Enquanto as imagens deles ficam perfeitas, as minhas estão com uma qualidade inferior. Parecem saídas de um DALL-E de sete meses atrás, ou até mesmo quando ele foi lançado inicialmente. Não estou satisfeito com os resultados que obtive, mas tenho certeza de que a culpa é minha.
Fabricio Carraro
Tem uma empresa que quer usar isso como um produto também, não é? Eles treinaram um modelo que não está disponível para o público. Inicialmente, eles o disponibilizaram no Hugging Face como um modelo público, mas depois perceberam que muitas pessoas começaram a usá-lo e eles o retiraram do ar...
Sébastien Stecker
Hum…
Fabricio Carraro
E agora, aparentemente, eles querem lançar isso como um produto em breve.
Sébastien Stecker
Não faz sentido, porque acho que é muito interessante isso aqui… Eles podem… Ganhar muito dinheiro com isso, porque… É uma maneira de fazer que é…
Fabricio Carraro
Sim…
Sébastien Stecker
Mais interessante, sim…
Fabricio Carraro
E realmente é uma…
Sébastien Stecker
É mais bonito assim.
André Cunha
Eu achei realmente impressionante que é possível ler o QR Code facilmente, mesmo com todas aquelas imagens que aparecem nele. Isso é realmente incrível.
Fabricio Carraro
André, parece que ainda depende do telefone, porque no meu caso funcionou perfeitamente. Tenho um Pixel 5a, não é tão novo, mas consegui ler sem problemas. No entanto, o Sebastien mencionou que não conseguiu ler com o celular dele, e também vi algumas pessoas no fórum do Reddit reclamando: "Ah, não consigo ler". Enquanto outra pessoa comentou: "Do que você está falando? Eu consegui ler aqui!".
Então, parece que nem todos os leitores conseguem ler o QR Code ainda.
André Cunha
Ah, interessante. É, vai ver se tá mais que os novos, né? Deve ter algum reconhecimento a mais ali.
Sérgio Lopes
O meu funciona metade. Metade, tinha uns oito exemplos, quatro funcionaram, quatro não. Um Samsung.
Sébastien Stecker
Sim, eu achei que a distância é importante também. Porque, então, com as imagens do... Um, dois desse post em chinês, original, achei que era muito importante. Então, com o meu celular, era importante afastar um pouco o celular.
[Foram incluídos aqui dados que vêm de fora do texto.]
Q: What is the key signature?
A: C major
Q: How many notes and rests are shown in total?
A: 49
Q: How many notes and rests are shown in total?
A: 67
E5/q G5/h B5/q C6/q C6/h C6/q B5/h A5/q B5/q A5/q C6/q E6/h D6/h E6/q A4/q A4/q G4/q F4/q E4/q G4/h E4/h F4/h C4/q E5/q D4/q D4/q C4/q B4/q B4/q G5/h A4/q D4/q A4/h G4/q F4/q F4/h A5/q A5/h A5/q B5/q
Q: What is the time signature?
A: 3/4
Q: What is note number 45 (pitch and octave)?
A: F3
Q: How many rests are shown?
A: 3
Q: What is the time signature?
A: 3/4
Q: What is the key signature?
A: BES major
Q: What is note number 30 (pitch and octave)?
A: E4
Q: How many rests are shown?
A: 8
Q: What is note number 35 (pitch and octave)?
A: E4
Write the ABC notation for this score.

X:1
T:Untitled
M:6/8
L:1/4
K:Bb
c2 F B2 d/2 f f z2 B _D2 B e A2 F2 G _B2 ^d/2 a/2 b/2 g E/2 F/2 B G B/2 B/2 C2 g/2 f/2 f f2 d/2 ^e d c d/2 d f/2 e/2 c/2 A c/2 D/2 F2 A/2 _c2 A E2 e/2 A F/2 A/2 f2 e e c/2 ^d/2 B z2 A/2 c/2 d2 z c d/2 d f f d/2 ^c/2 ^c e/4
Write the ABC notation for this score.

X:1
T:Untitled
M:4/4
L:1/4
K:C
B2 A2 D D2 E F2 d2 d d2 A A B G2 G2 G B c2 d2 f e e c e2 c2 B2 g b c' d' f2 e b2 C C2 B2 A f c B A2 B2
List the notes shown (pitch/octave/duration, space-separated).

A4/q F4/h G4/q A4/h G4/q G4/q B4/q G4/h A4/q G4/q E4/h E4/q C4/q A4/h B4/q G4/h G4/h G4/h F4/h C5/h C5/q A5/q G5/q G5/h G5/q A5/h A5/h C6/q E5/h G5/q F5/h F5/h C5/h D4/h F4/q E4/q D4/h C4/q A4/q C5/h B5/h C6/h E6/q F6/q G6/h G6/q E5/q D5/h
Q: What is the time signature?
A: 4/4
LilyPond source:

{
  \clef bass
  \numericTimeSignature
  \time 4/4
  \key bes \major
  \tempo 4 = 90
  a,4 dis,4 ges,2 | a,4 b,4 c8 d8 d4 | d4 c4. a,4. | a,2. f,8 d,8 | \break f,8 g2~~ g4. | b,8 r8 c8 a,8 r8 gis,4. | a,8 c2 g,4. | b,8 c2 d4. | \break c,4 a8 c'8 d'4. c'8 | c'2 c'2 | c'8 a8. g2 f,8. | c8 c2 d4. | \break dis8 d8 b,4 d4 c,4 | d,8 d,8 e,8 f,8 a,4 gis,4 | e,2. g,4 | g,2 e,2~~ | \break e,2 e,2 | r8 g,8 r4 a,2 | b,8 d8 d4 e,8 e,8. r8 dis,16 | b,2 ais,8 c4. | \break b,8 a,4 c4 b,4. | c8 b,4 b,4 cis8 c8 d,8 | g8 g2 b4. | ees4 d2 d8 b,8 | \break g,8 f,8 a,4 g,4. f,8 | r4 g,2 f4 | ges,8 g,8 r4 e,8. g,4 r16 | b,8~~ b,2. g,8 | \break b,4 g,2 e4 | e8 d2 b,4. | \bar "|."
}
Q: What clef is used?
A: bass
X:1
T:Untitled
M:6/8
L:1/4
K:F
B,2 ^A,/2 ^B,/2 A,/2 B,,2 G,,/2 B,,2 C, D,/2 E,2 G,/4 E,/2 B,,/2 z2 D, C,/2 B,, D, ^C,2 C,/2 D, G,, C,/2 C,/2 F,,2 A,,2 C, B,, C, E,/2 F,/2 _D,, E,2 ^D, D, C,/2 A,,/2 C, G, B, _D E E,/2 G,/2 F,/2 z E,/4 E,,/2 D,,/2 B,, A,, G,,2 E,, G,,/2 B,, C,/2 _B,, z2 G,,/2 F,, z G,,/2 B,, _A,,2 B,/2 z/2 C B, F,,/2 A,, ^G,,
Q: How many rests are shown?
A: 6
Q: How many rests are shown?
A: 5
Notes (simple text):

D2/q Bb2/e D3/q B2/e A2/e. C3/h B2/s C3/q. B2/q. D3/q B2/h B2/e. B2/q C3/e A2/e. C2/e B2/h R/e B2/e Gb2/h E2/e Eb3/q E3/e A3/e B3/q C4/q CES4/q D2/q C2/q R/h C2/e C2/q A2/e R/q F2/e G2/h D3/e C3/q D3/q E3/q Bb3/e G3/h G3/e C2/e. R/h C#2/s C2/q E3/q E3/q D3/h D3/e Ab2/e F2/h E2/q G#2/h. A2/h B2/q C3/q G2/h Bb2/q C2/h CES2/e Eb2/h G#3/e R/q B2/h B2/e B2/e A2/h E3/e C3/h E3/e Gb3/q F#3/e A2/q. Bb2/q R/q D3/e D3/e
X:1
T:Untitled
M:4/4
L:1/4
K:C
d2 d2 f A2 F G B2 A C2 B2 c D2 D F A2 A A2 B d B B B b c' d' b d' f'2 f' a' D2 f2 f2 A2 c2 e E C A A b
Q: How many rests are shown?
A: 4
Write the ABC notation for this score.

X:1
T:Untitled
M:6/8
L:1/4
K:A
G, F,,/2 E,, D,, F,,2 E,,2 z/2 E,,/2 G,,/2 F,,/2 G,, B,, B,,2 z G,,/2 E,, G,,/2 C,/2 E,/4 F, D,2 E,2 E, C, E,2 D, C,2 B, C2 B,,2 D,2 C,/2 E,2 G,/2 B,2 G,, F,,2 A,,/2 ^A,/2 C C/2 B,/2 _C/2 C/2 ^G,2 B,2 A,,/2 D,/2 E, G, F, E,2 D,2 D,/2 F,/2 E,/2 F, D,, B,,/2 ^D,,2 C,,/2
Vai funcionar melhor.
Sérgio Lopes
Uma coisa que estou tentando usar para ver se consigo ter uma opinião melhor são os plugins no ChatGPT. Acho que já falei sobre isso em outra semana também, mas é impressionante como os plugins não conseguem... eles parecem muito divertidos, mas pouco úteis na prática, eu diria.
E por que estou trazendo essa discussão de novo? Porque, voltando às fofocas do Sam Altman, parece que ele também tem falado abertamente que os plugins não encontraram o ajuste de mercado, não encontraram um caso de uso ou um cenário prático onde realmente seriam bons para as pessoas, ou algo assim. Inclusive, ele diz que não vão colocar plugins na API, por exemplo, porque eles não parecem ser tão úteis assim. Ele indica que há outras coisas mais úteis em desenvolvimento e dá uma desanimada, sabe?
Achei interessante porque, não sei vocês, mas quando os plugins foram lançados lá atrás, fiquei muito empolgado. Para mim, os plugins eram uma maneira realmente revolucionária de dar poder ao GPT, para que ele executasse ações arbitrariamente e se tornasse uma espécie de tempo de execução para tudo no mundo. Imagina ele com o conhecimento de todas as APIs do mundo, podendo executar todo tipo de ação.
Na prática, foi mais decepcionante do que isso, porque ele tem dificuldade até mesmo para funcionar com um ou dois plugins habilitados. Os plugins parecem ser muito limitados, com poucas opções disponíveis.
Aliás, nessa fala do Sam Altman, ele também reconhece que talvez o plugin útil seja a parte de navegação, que permitiria ao modelo fazer buscas na internet, usando o Bing, por exemplo. Mas além disso, o resto parece meio... uma coisa que não deu certo, entende? E eu confesso que estou com essa sensação, eu também estou... Acho que todo mundo...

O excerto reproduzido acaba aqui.